Your answer must be an exact copy of the data below, minus any pictures.

(Web page caption snippets)
------------------------------------------------

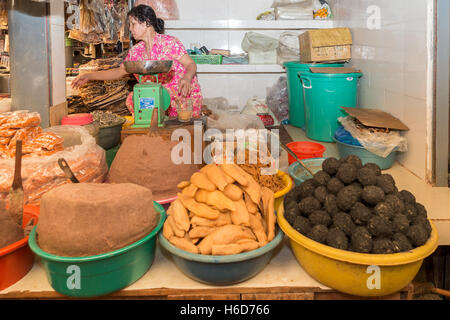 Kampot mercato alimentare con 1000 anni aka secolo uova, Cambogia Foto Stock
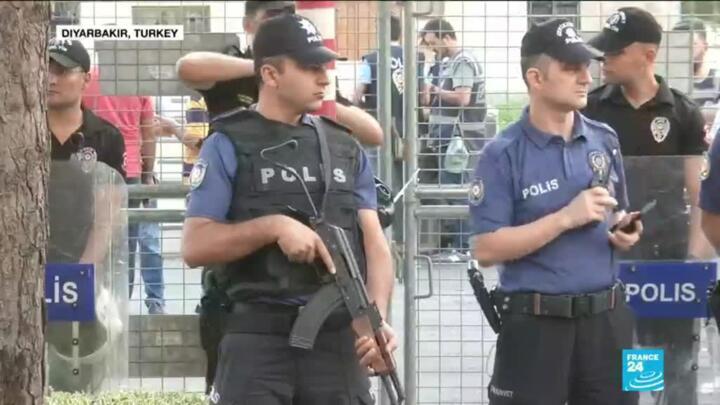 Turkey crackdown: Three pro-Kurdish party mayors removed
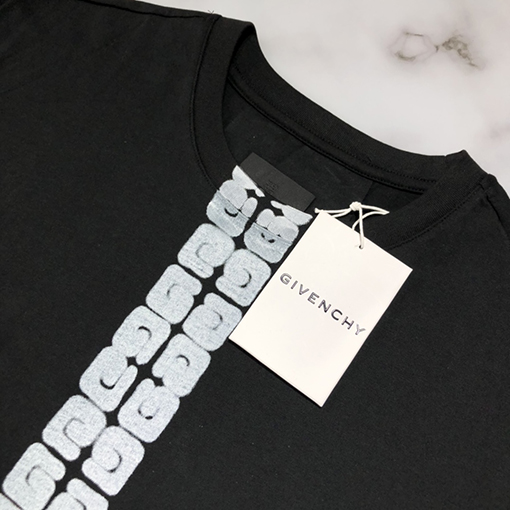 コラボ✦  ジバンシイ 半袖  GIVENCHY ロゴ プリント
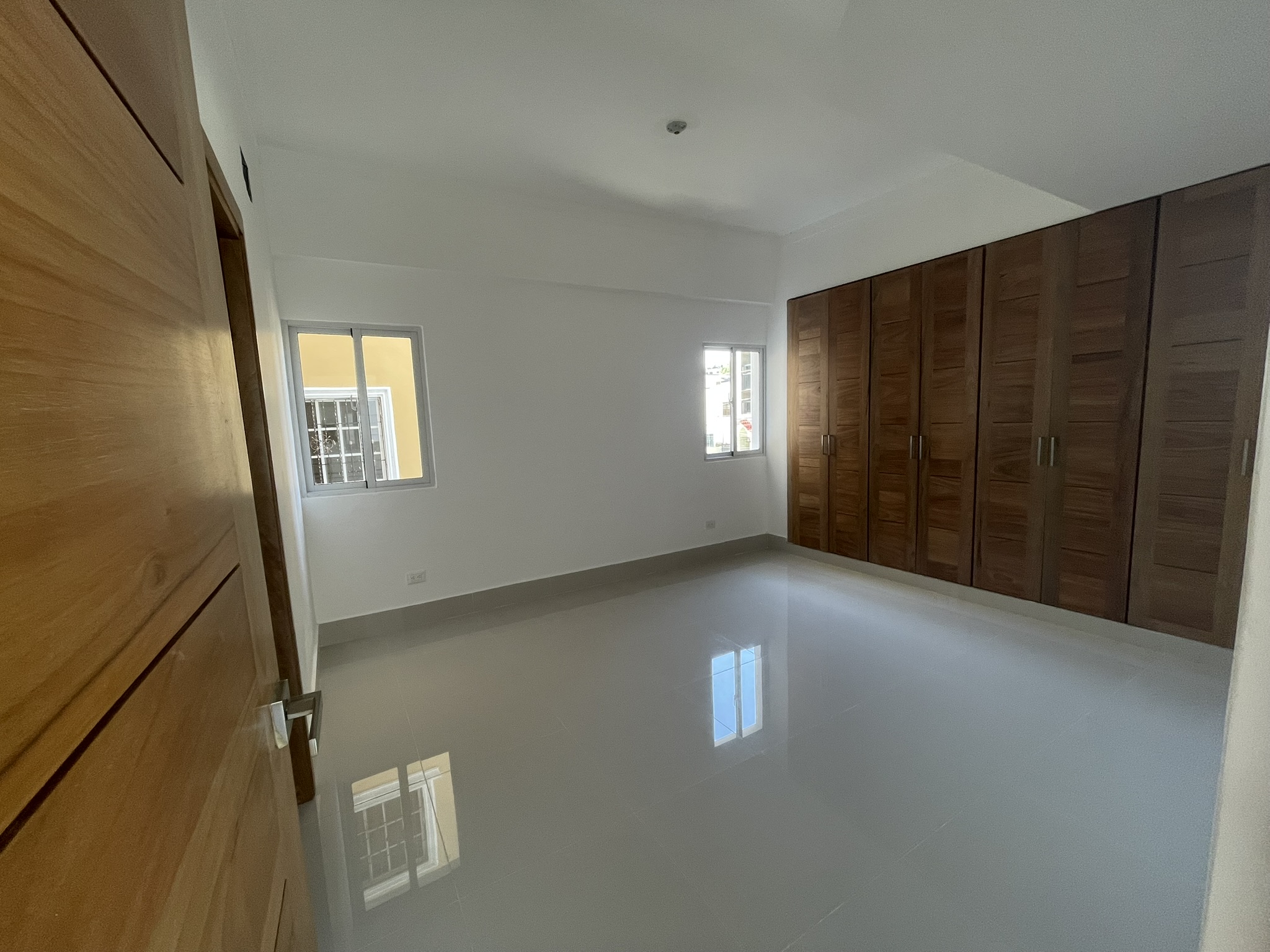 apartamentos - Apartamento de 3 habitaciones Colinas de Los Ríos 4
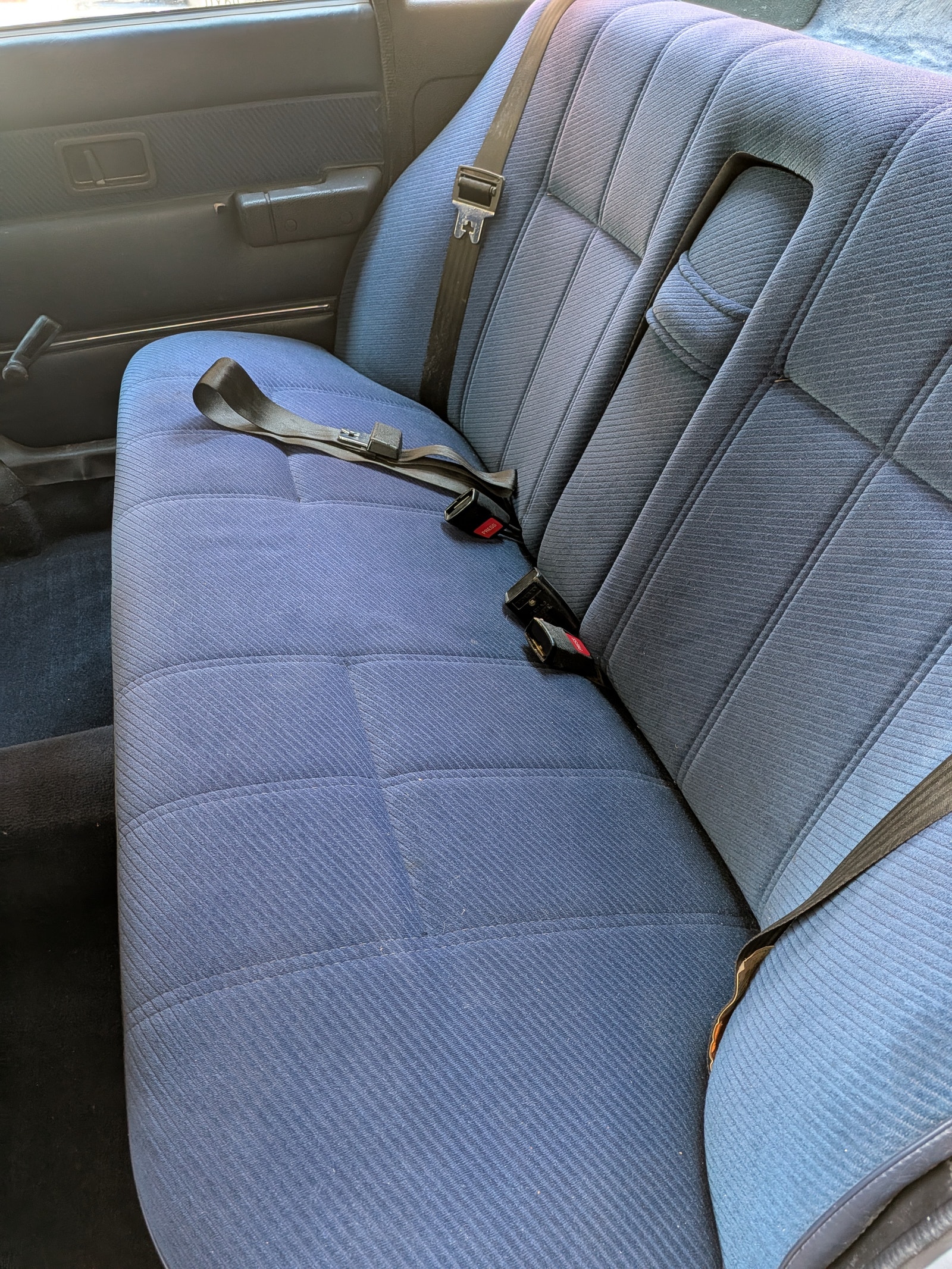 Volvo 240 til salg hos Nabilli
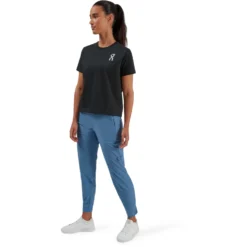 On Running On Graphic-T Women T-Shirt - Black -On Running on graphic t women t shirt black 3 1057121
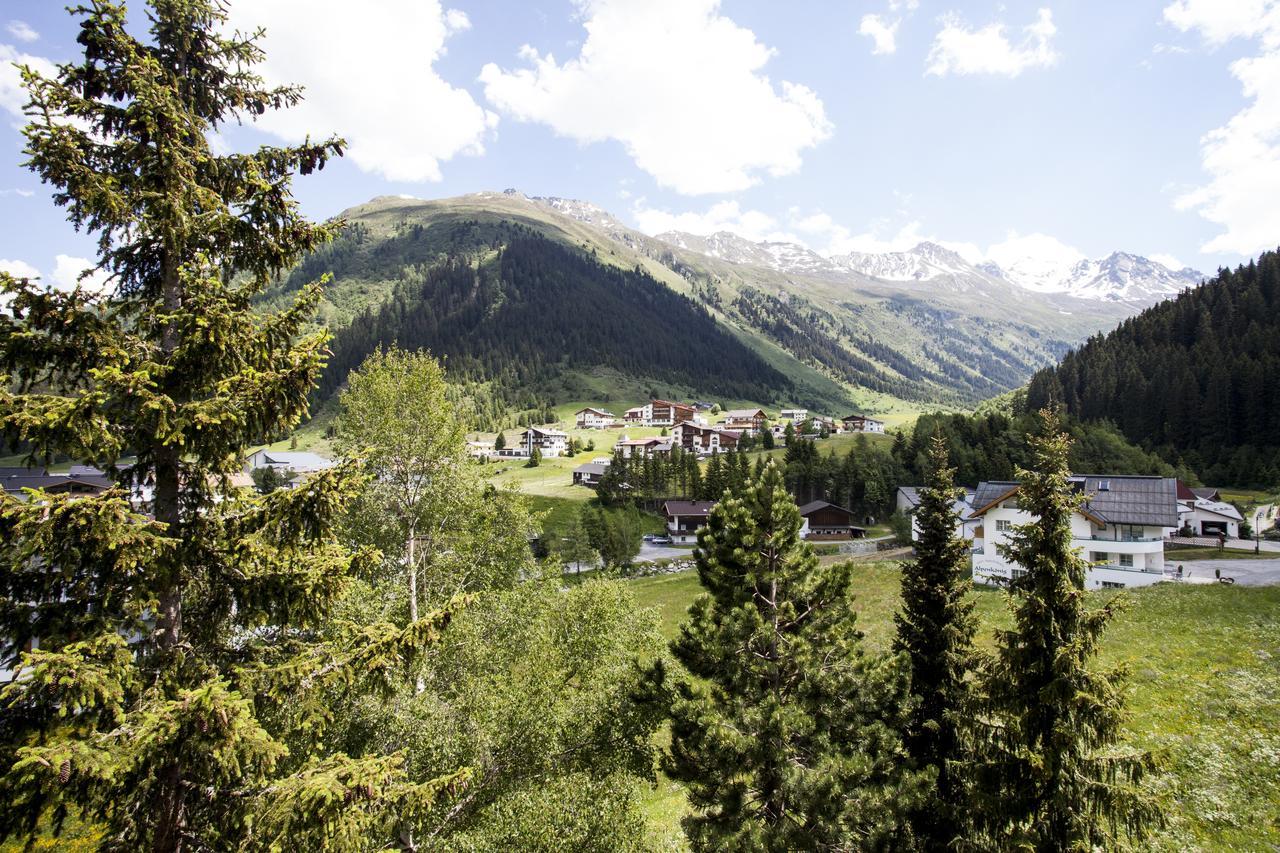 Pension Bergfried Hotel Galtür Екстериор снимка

------------------------------------------------

ANSWER FOR THE TASK ::
 Kampot mercato alimentare con 1000 anni aka secolo uova, Cambogia Foto Stock
 Turkey crackdown: Three pro-Kurdish party mayors removed
 コラボ✦  ジバンシイ 半袖  GIVENCHY ロゴ プリント
 apartamentos - Apartamento de 3 habitaciones Colinas de Los Ríos 4
 Volvo 240 til salg hos Nabilli
 On Running On Graphic-T Women T-Shirt - Black -On Running on graphic t women t shirt black 3 1057121
 Pension Bergfried Hotel Galtür Екстериор снимка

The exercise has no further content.